In this study, we developed a single-step PG purification combining wet grinding with chemical conditioning at room temperature, utilizing a composite additive system of acetic acid, sorbitan oleate, calcium carbonate, gelatin, and γ-aminopropyltriethoxysilane in precisely controlled proportions during aqueous, achieving simultaneous whiteness enhancement and impurity removal; in which the specific additives were designed to combine wet grinding and conditioning. To reveal the accelerated refinement effect of this combined method, particle distribution, surface charges characteristics, and morphology were investigated using dynamic light scattering (DLS), zeta potential measurements, and scanning electron microscopy (SEM). Using Fourier transform infrared spectroscopy (FTIR), thermogravimetric analysis (TGA), and X-ray diffraction (XRD), we verified the presence of residual calcium carbonate, impurities in phosphogypsum, and changes in crystal structure, collectively demonstrating the method’s stability and efficacy. Whiteness tests, inductively coupled plasma emission spectroscopy (ICP), and X-ray fluorescence spectroscopy (XRF) were conducted to evaluate the purification effect of PG and analyze the purification mechanism. This work establishes a fast and energy efficient room-temperature purification protocal for PG, achieving exceptional purification performance while laying the foundation for its future large-scale utilization and high-value applications.
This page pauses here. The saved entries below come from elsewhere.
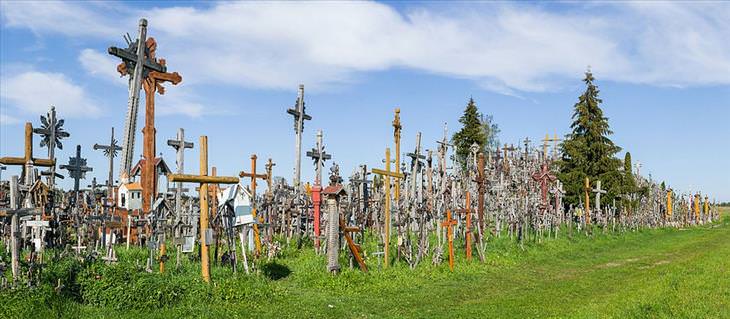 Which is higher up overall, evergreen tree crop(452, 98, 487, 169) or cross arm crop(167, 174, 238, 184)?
evergreen tree crop(452, 98, 487, 169)

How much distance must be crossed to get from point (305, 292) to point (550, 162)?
39911 millimetres

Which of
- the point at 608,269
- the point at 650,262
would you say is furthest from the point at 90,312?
the point at 650,262

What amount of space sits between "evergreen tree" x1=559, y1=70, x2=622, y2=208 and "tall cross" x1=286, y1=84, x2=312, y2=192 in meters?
23.3

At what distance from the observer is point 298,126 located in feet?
82.5

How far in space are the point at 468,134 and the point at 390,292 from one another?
42193mm

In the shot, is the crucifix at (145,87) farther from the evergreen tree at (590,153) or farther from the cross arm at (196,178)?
the evergreen tree at (590,153)

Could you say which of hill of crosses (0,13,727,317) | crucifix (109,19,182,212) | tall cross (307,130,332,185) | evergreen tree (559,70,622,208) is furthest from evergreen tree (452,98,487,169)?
crucifix (109,19,182,212)

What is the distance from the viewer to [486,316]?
41.7 ft

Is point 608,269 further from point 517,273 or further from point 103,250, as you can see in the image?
point 103,250

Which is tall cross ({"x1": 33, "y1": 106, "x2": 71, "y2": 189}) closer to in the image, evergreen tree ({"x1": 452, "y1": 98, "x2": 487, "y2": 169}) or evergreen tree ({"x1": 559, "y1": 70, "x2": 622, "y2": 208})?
evergreen tree ({"x1": 559, "y1": 70, "x2": 622, "y2": 208})

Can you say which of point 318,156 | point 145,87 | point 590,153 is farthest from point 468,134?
point 145,87

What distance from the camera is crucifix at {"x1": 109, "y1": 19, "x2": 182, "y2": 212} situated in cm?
1850


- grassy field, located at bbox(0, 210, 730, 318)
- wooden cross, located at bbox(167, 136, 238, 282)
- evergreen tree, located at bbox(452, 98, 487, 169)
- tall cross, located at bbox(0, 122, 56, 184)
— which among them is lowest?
grassy field, located at bbox(0, 210, 730, 318)

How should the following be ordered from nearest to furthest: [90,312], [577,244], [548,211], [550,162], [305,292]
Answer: [90,312], [305,292], [577,244], [548,211], [550,162] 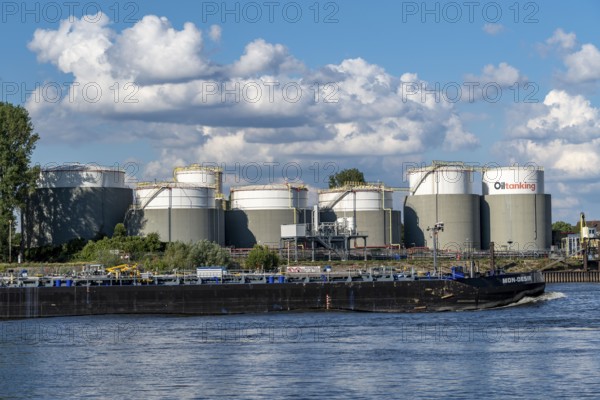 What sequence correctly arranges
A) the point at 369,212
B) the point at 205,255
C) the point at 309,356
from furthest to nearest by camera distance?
the point at 369,212 < the point at 205,255 < the point at 309,356

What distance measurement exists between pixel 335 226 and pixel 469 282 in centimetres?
5784

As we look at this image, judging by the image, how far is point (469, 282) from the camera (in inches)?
3162

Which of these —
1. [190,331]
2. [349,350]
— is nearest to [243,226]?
[190,331]

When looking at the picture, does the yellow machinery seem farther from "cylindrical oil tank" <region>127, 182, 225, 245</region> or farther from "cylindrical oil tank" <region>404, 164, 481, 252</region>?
"cylindrical oil tank" <region>404, 164, 481, 252</region>

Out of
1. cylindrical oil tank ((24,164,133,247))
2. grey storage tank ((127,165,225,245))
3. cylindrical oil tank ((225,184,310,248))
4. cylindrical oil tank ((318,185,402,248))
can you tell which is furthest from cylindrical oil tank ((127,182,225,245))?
cylindrical oil tank ((318,185,402,248))

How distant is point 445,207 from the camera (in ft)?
493

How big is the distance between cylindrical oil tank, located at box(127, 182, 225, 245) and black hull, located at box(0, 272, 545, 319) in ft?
177

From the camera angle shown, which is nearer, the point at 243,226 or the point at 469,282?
the point at 469,282

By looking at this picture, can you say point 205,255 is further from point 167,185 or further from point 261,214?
point 261,214

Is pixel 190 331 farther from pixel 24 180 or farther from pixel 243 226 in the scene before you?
pixel 243 226

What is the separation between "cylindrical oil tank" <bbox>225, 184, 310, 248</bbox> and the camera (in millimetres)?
143625

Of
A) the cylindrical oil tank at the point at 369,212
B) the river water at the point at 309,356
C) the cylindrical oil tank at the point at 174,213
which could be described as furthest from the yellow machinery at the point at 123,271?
the cylindrical oil tank at the point at 369,212

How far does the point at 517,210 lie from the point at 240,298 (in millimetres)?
79769

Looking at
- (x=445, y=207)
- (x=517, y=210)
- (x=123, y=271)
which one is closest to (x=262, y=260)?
(x=445, y=207)
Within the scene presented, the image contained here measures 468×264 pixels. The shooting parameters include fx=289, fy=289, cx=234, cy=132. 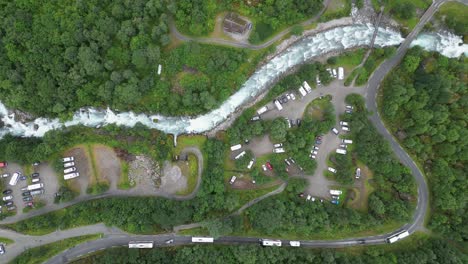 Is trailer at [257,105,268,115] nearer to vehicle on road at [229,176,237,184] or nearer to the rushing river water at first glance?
the rushing river water

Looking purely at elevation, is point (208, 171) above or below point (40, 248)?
above

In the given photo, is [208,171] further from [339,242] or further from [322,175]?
[339,242]

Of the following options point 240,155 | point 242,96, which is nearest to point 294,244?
point 240,155

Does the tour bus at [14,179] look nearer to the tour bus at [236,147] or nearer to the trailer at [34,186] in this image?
the trailer at [34,186]

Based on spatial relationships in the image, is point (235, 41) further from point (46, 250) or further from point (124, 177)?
point (46, 250)

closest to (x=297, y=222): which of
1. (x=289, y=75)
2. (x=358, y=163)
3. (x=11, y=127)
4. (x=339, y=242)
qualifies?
(x=339, y=242)

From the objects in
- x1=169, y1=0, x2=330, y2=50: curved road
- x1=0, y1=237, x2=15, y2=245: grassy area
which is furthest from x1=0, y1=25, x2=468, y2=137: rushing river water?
x1=0, y1=237, x2=15, y2=245: grassy area

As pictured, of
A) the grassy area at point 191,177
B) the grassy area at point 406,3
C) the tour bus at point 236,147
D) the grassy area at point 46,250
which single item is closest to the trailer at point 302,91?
the tour bus at point 236,147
2  Raw Materials and Test Methods

2.1 Raw Materials

The PG sample used in this study, with a paticle size of 75 µm and whiteness of 32.9%, was obtained from a phosphate fertilizer plant in Hubei Province following preliminary neutralization treatment. Sorbitan oleate (99%), gelatin (99%), γ-aminopropyltriethoxysilane (98%), calcium carbonate (99%), and acetic acid (99%) were purchased from Sigma-Aldrich (St. Louis, MO, USA). Deionized water was produced in the laboratory.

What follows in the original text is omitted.